So it’s just a short round trip,  from the farms of North Wales to Yorkshire and back again, where the manufacturing process starts in our small factory with our modern all purpose production line in Porthmadog.

The wool in the bales is tightly compressed so it’s placed into a large hopper where it’s agitated to break it up before it is fed into the giant carding machine. These machines consist of a series of large rollers that have hundreds of tiny spikes all around them which pull, or tease, the wool out into longer fibres. 

After travelling around the rollers the teased fibres are then fed onto a continuous moving bed of soft fluffy fibre. This then continues through a cross lapper that produces different thicknesses and weights depending on the wool’s eventual use. 

From the cross lapper this fine fluffy wool is then is fed directly between 2 rolls of the finest cotton fabric.

The carded wool then goes into the multi-needled quilting machine. The wool is now firmly enclosed in the cotton fabric so it won’t ever move around. The quilt then passes through and onto a cutting table where its into usable sizes.


This professional production line means that once the wool enters the system we don’t have to handle it so it ends as a light, fluffy fibre just like it is on the sheep.

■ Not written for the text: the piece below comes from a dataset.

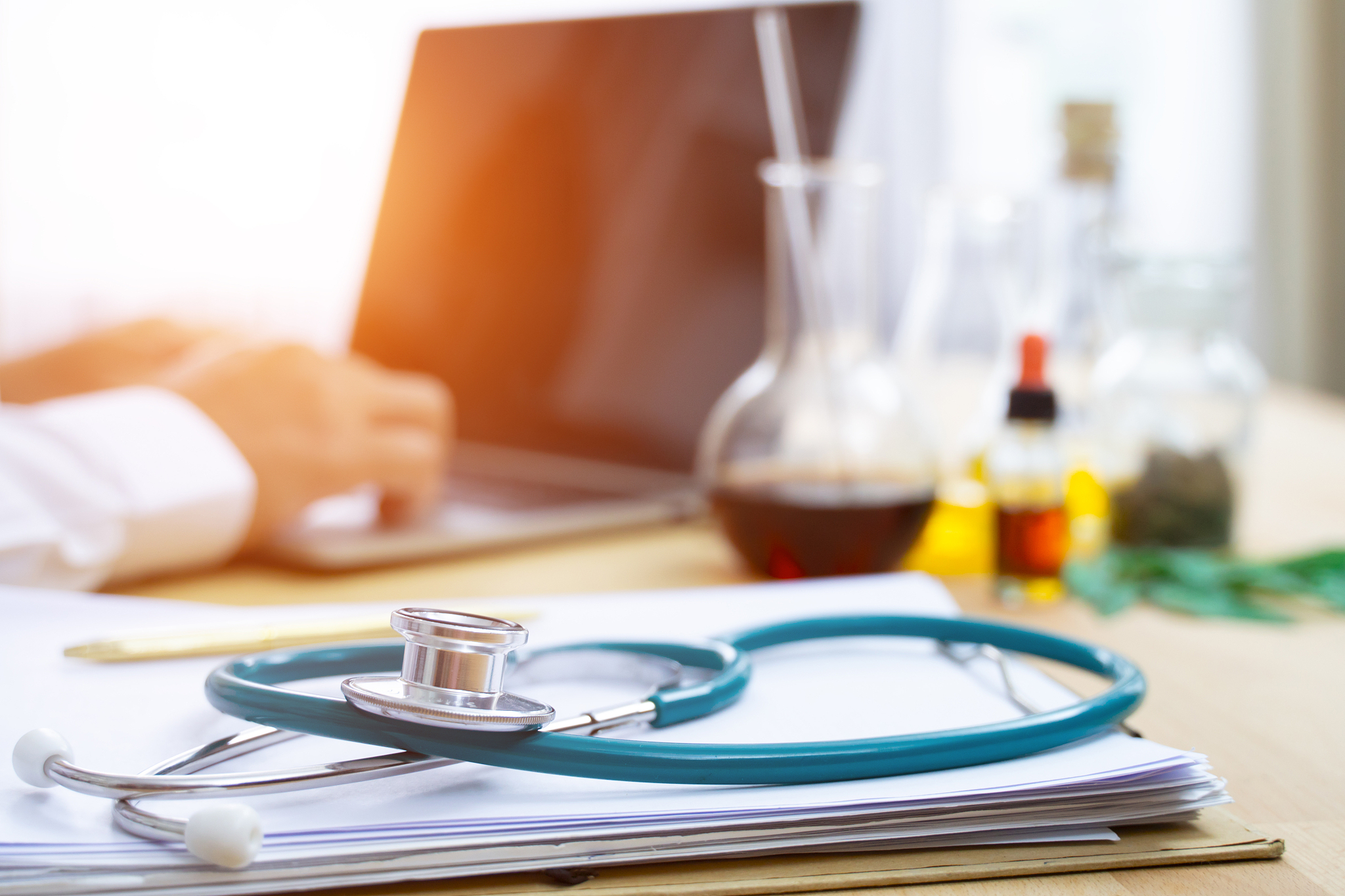 stethoscope with clipboard and laptop on desk,doctor working in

This means the wool can be full of air creating a fully breathable fibre ideal for sleeping under.

From the cutting table the sized quilt is transferred to our talented sewing machinists who put the final touches to your Baavets. First the binding has to be sewn all the way around then its passed to a second sewing station to have the binding ends reinforced and our iconic embroidered logo is sewn on before being packed and shipped.  From you to ewe!